As histórias de Ciro, Marisa e David fazem parte dos 12 relatos reunidos pelo Iser para mostrar as consequências da privação de liberdade. De acordo com o estudo, ninguém sai imune.
Entre as consequências estão os maus tratos e o não acesso aos direitos na prisão provisória. “Presos provisórios são tratados no sistema prisional de maneira semelhante aos condenados, tendo em algumas ocasiões menos direitos do que estes”, analisa a publicação. “Pela condição de provisoriedade, muitas vezes não podem usufruir de certos direitos como o estudo, a assistência de saúde, social ou psicológica”.
Outra grave dificuldade é o acesso à defesa. A maioria dos presos brasileiros, segundo o Iser, são clientes das defensorias públicas. No Rio, esse percentual chega a 93,61%. No entanto, nem sempre o defensor que entrevista a pessoa presa é o mesmo que acompanha o processo.
É comum que os detidos não tenham informações suficientes sobre os processos. A linguagem jurídica dificulta o entendimento. Além disso, o nervosismo durante as audiências faz com que seja comum o preso não compreender a medida jurídica que irá cumprir.
As revistas vexatórias e as burocracias para visitação dificultam o acesso de familiares e amigos às unidades prisionais. Humilhações e tortura psicológica são descritas com regularidade.
Outra consequência é a perda da identidade, por meio de atitudes como o corte dos cabelos, a substituição das roupas por uniformes e a identificação no sistema penitenciário por meio de um número.
“Esse processo de desumanização ao qual são submetidos é marcado por uma construção, por parte do sistema, do indivíduo criminoso”, diz o documento do Iser.
A desestabilização nas relações familiares, as dificuldades de recolocação no mercado de trabalho, problemas de saúde, intensificação do uso de álcool e outras drogas, envolvimento com pessoas comprometidas com crimes violentos são fragilidades que se agravam nas passagens pelo sistema prisional.

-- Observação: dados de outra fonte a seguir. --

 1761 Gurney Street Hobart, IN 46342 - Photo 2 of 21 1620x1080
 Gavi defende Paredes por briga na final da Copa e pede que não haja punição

Das 12 pessoas que contaram suas histórias para a publicação do Iser, três foram absolvidas, sete receberam penas alternativas ou prestação de serviços comunitários, uma teve o processo extinto e outra aguarda julgamento.
“Qual é a justificativa para essas pessoas terem ficado reclusas em boa parte do tempo”?, questiona a organização.
Iser
O Iser é uma organização dedicada à causa dos direitos humanos e da democracia. Tem o objetivo de contribuir para a discussão e formulação de políticas públicas. Atualmente, suas temáticas de interesse e de atuação são: religião, meio-ambiente, juventude, sociedade civil, violência, gênero e mediação de conflitos. O sistema prisional é uma temática de alta relevância na atuação da organização.
Fundo Brasil
O Fundo Brasil é uma fundação independente, sem fins lucrativos, que tem a proposta inovadora de construir mecanismos sustentáveis para destinar recursos a defensores e defensoras de direitos humanos em todas as regiões do pais.
A fundação atua como uma ponte, um elo de ligação entre organizações locais e potenciais doadores de recursos.
Em dez anos de atuação, a fundação já destinou R$ 12 milhões a cerca de 300 projetos em todas as regiões do país. Além da doação de recursos, os projetos selecionados são apoiados por meio de atividades de formação e visitas de monitoramento que fortalecem as organizações de direitos humanos.